Gary works didn’t exist when Illinois Steel existed, did it? (FWIW it’s in Indiana.) Did South Chicago roll rail?

So it does say 1025, not 10025? And it does say Carnegie, and it does say 1989?

Then no one can explain it.

Yes, yes, and yes.

I agree. Unexplainable.

Here are some actual “Illinois” rail branding examples:

7009 ILLINOIS STEEL CO. SOUTH WORKS 1899 (70 lb., unknown section)

9002 ILLINOIS STEEL CO. SOUTH WORKS 1904 (old no. for 90 lb. American Society of Civil Engineers (ACSE) section)

8506 ILLINOIS STEEL CO. SOUTH WORKS 1908 (old no. for 85 lb. CB&Q section)

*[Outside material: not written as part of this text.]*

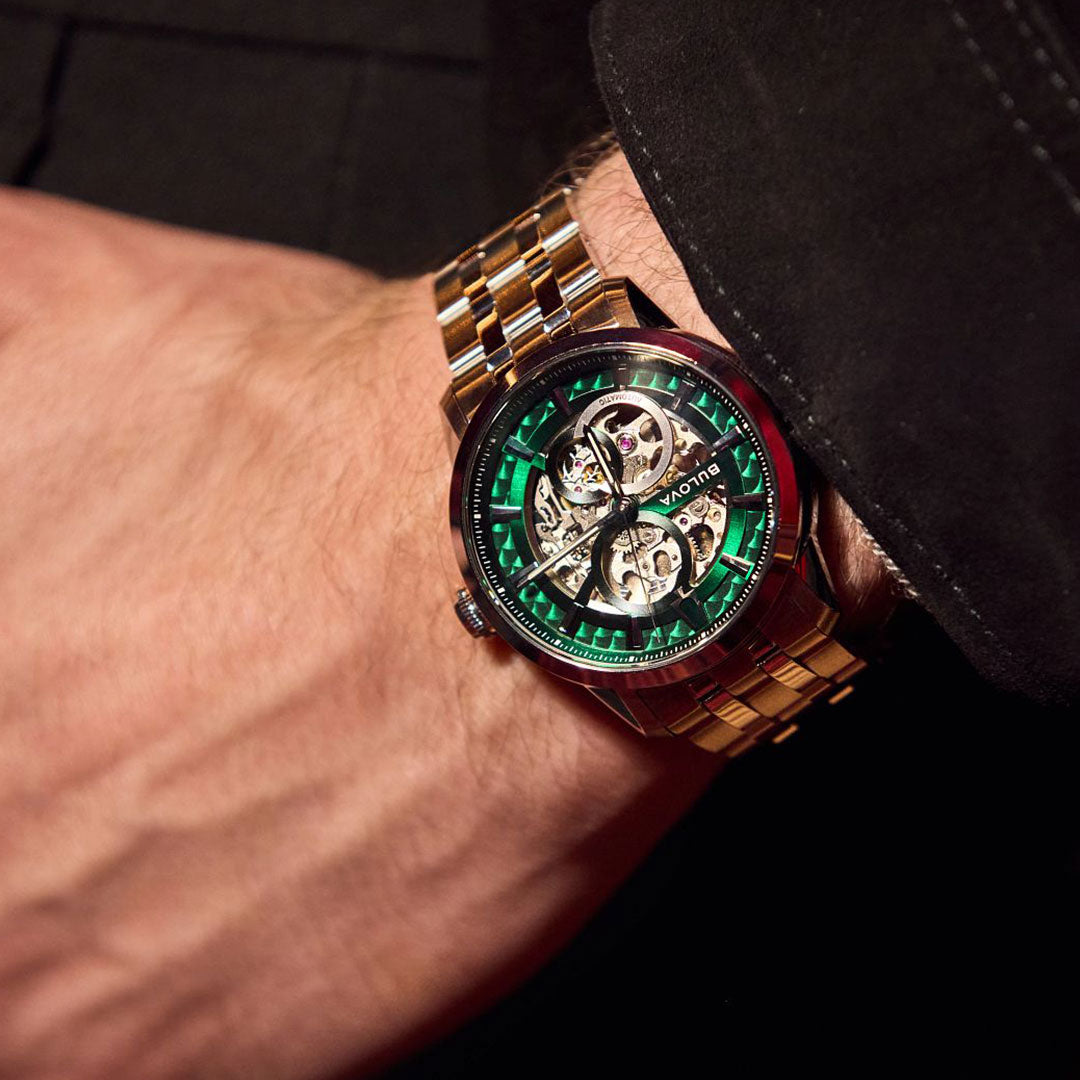 A close-up of a wrist wearing the Bulova Sutton Classic Automatic 40mm Watch with a green skeleton dial and stainless steel bracelet, showcasing intricate gears against a dark background.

10030 ILLINOIS STEEL CO. SOUTH WORKS 1909 (100 lb. American Railway Association type B section; there was also an ARA-A section)

9030 ILLINOIS STEEL CO. SOUTH WORKS 1912 (90 lb. ARA-B section)

Here is the change from South Works to Gary; sometime in 1912 or 1913.

9035 I. S. CO. GARY 1913 (90 lb. CNW section)

9010 I. S. CO. GARY 1914 I (old no. for 90 lb. Great Northern section; rolled January 1914; new number for this section was 9034)

8520 I. S. CO. GARY 1914 IIIIIII (85 lb. Soo Line section; rolled July 1914)

8520 ILLINOIS G 1914 IIII (85 lb. Soo Line section; rolled April 1914)

Note old brand still used after introduction of new brand—on same rail section no less; perhaps had two sets of rolls.

In 1914 many of the rail section numbers were changed, but many others continued using same numbers; most changes were in the ASCE sections, and many of the railroad-designed sections.

Kurt Hayek

Dep’t of Corrections:

I’m glad mudchicken mentioned the rail stampings are every six feet, because I looked at a number of them this morning while in the park (I must have looked like a terrorist or crazy person to the few other people I saw there, what with my face practically next to the rail).

It turns out it does say 11025 R E O H CARNEGIE USA 1939.

So I was wrong about the number and date. But if Carnegie went out of business in 1902, is this newly-installed and welded-together rail really over 120 years old? That seems preposterous.